天性のスピード

ロードレースにおいては主にアシストを担っているため目立つことは少ないが、ジロ・デ・イタリア2016での劇的なステージ優勝は誰しもが一度は目にしたことがあるのではないだろうか。まずはこちらの動画を見て頂きたい。

ラスト1kmで逃げ集団の大半を吸収し最後はゴールスプリントで決すると思われた矢先、集団からスルスルっと抜け出しを試みる1名の選手。彼こそがロジャー・クルーゲ(当時IAM Cycling所属)である。(1:48から)

純粋な平坦ステージであるのにも関わらず並み居る強豪スプリンター達を振り切り、自滅行為としか思えないロングスパートを成功させた。クルーゲはジュニア時代の短距離選手としての経験がロードレースにおけるスプリント時のレース勘やタイミング、位置取りに役立っていると話しており、このスパートも偶然の産物では無かったはずだ。

ピュアスプリンターとはまた異なる高速巡航に特化した脚と、短距離選手時代に培ったセンスが彼の大きな武器と言えよう。

縁の下の力持ち

こちらは丁度今年の世界選手権前日まで参加していたUAEツアーでのヒトコマ。エーススプリンターを担うカレブ・ユアンと共にミッチェルトン・スコットからロット・ソウダルへと移籍したクルーゲは、この日もアシストとしてユアンのリードアウトを担当していた。

惜しくもこのレースではロットのトレインは不発に終わってしまったが、マディソン世界チャンプが普段どのようにしてチームの為に働いているのかが伝わるだろう。

チーム遍歴

2005年、高校を卒業した後に消防士としての訓練を受けながら、ドイツのアマチュアチームであるLKTチームブランデンブルグにて活動開始。2008年に同チームがコンチネンタル登録をしたことに伴いプロデビュー。

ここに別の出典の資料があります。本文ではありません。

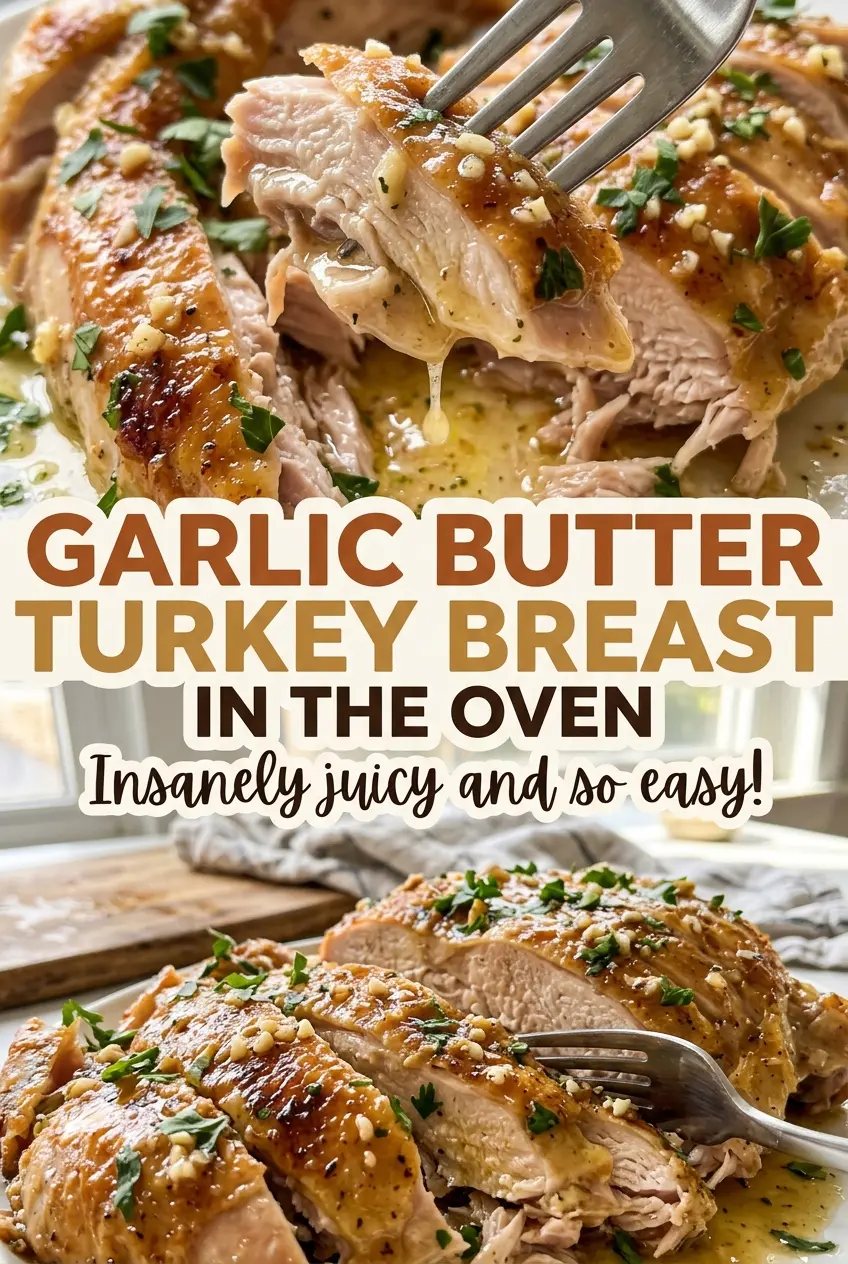 Garlic Butter Turkey Breast golden roasted skin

そこでの活躍が認められ、2010年からドイツ籍のミルラム(Milram)よりワールドツアーチームに初所属。2011-2012に所属したシマノでは日本の土井雪広ともチームメイトであった。

チーム名 カテゴリー
2008 LKTチームブランデンブルグ コンチネンタル
2009 LKTチームブランデンブルグ コンチネンタル
2010 チームミルラム ワールドツアー
2011 スキル・シマノ プロコンチネンタル
2012 アルゴス・シマノ プロコンチネンタル
2013 チームネットアップ・エンデューラ プロコンチネンタル
2014 IAMサイクリング プロコンチネンタル
2015 IAMサイクリング ワールドツアー
2016 IAMサイクリング ワールドツアー
2017 オリカ・スコット ワールドツアー
2018 ミッチェルトン・スコット ワールドツアー
2019 ロット・ソウダル ワールドツアー

トラック競技で数々の輝かしいリザルトを残している(次頁参照)クルーゲだが、ロードレースのプロとしても10年以上第一線で活躍し続けている。

2019年からはベルギー籍のワールドツアーチームであるロット・ソウダルに所属。ベルギーチームの一員としてクラシックを走れるのが嬉しいとのこと。これからのクラシックシーズンでも彼の活躍に注目したい。